Lugar de fala e os limites da escuta: por que repensar quem fala por quem?
Há quem fale alto e nunca seja escutado. Há quem fale sempre, mesmo quando não há nada a dizer. Entre essas duas pontas se desenha a costura feita por Djamila Ribeiro em Lugar de Fala, ensaio breve e imenso, publicado na coleção Feminismos Plurais, como quem escreve não para ocupar as estantes, mas para deslocar os móveis da casa. O livro não grita, mas tamborila com firmeza: quem tem falado por quem? E por quê?
Djamila entra num território minado — a linguagem — com a serenidade de quem sabe que não basta nomear as coisas, é preciso desenrolar a história de quem teve o poder de nomear. Lugar de fala não é um mantra identitário, nem um colete à prova de crítica. É, antes, um mapa. Um que mostra de onde vem o corpo que fala, que experiências atravessam sua fala e o que o silêncio dos outros tem a dizer sobre isso. Ao contrário da caricatura que a extrema direita construiu, o conceito não quer interditar o debate, mas qualificá-lo: nem todo mundo pode falar por todo mundo, ainda que todos devam falar por si.

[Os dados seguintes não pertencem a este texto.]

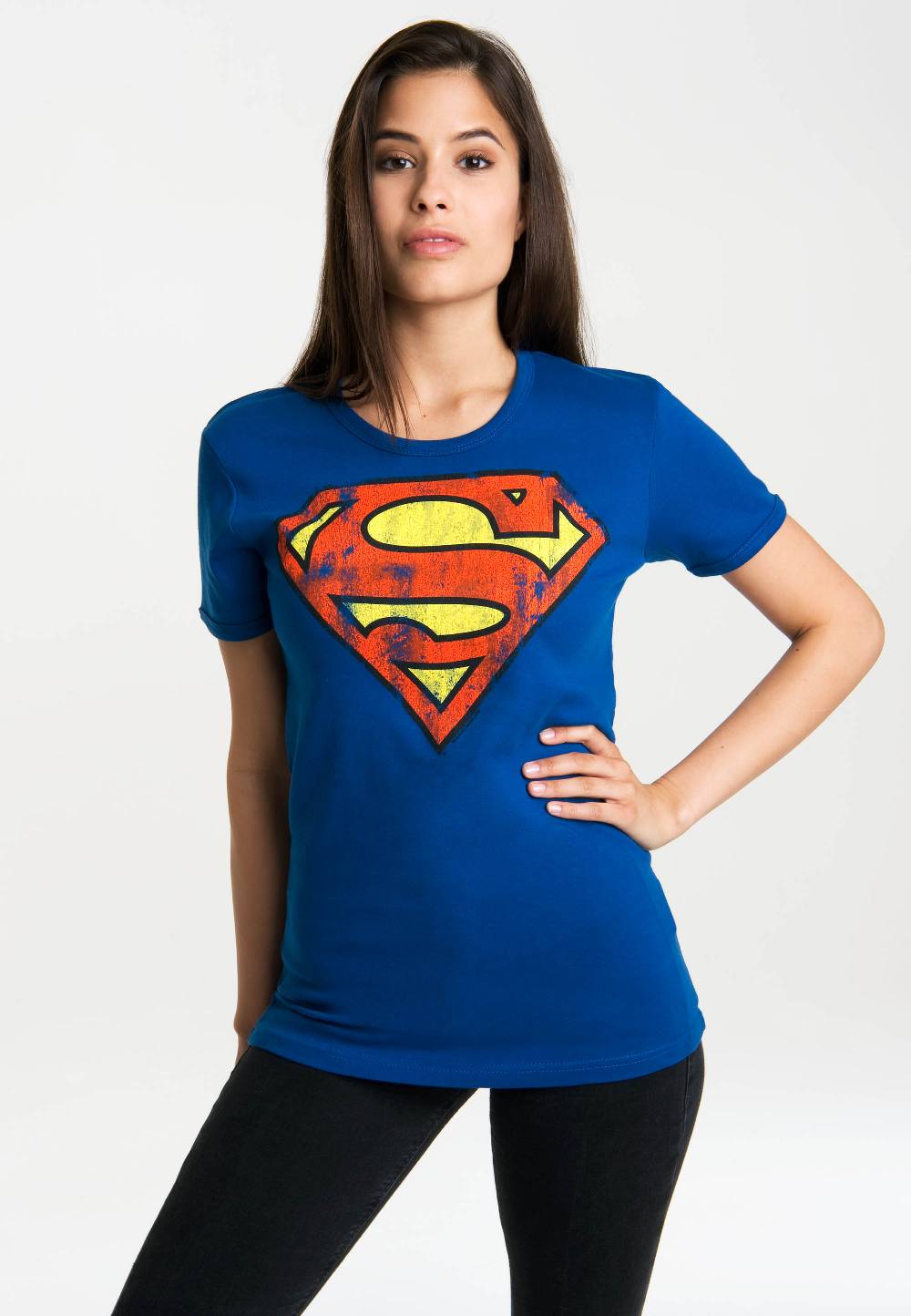 Logoshirt Superman - Logo - DC Comics - T-Shirt Print - Damen Versandkostenfrei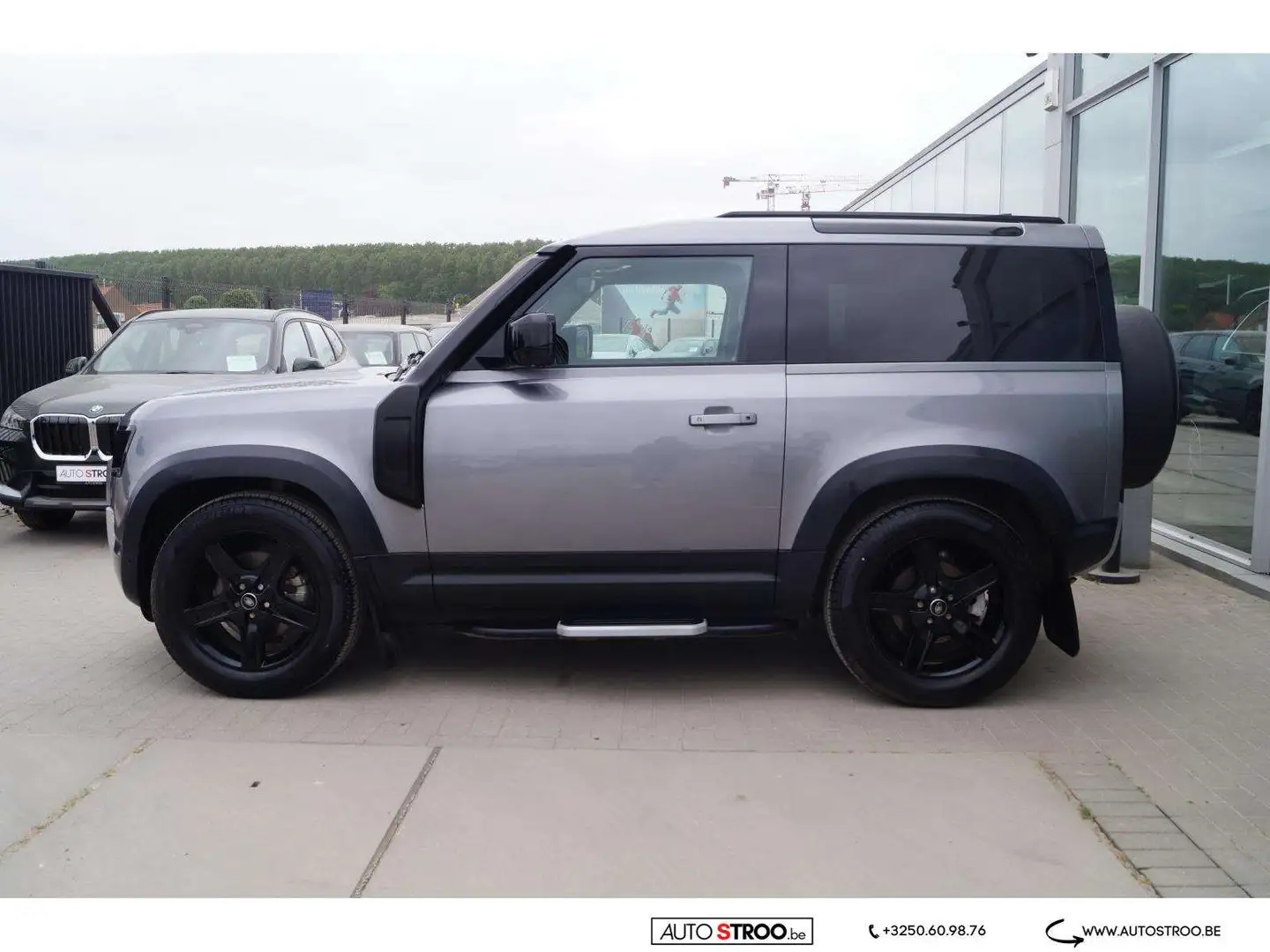 Land Rover Defender 90 D200 SE AWD Auto. l ACC l 360 CAM l FRIGO Gris - 2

Há uma pedagogia implícita no livro, feita de exemplos cotidianos e metáforas que não pedem nota de rodapé. Djamila usa as palavras como quem conhece o peso de cada uma. Diz, por exemplo, que o privilégio é como um quartinho confortável com vista para o mar: quem está nele, nem sempre percebe que há gente morando no porão. A metáfora funciona porque não acusa — revela. O ensaio é político sem ser panfletário, filosófico sem ser hermético. Faz o leitor pensar sem precisar pedir permissão à academia.
O pano de fundo é mais profundo que o texto: trata-se da construção do saber no Brasil e da farsa da universalidade. O cânone, tão branco quanto masculino, não se fez por mérito, mas por exclusão. Ao afirmar que todo sujeito é situado, Djamila aponta para o impensado: a neutralidade sempre teve cor, classe e gênero. O “nós” genérico que ocupa os editoriais e as leis, diz ela, nunca foi um coletivo real — é uma ficção de poder.
Sobre a autora:
Djamila Ribeiro é filósofa, escritora e uma das principais referências no debate público sobre questões raciais e de gênero no Brasil. Mestre em Filosofia Política pela Unifesp, é colunista, ativista e coordenadora da coleção Feminismos Plurais, dedicada à difusão de pensamentos de intelectuais negros e negras. Autora também de Quem tem medo do feminismo negro? e Pequeno Manual Antirracista, Djamila recebeu prêmios nacionais e internacionais por sua contribuição à defesa dos direitos humanos.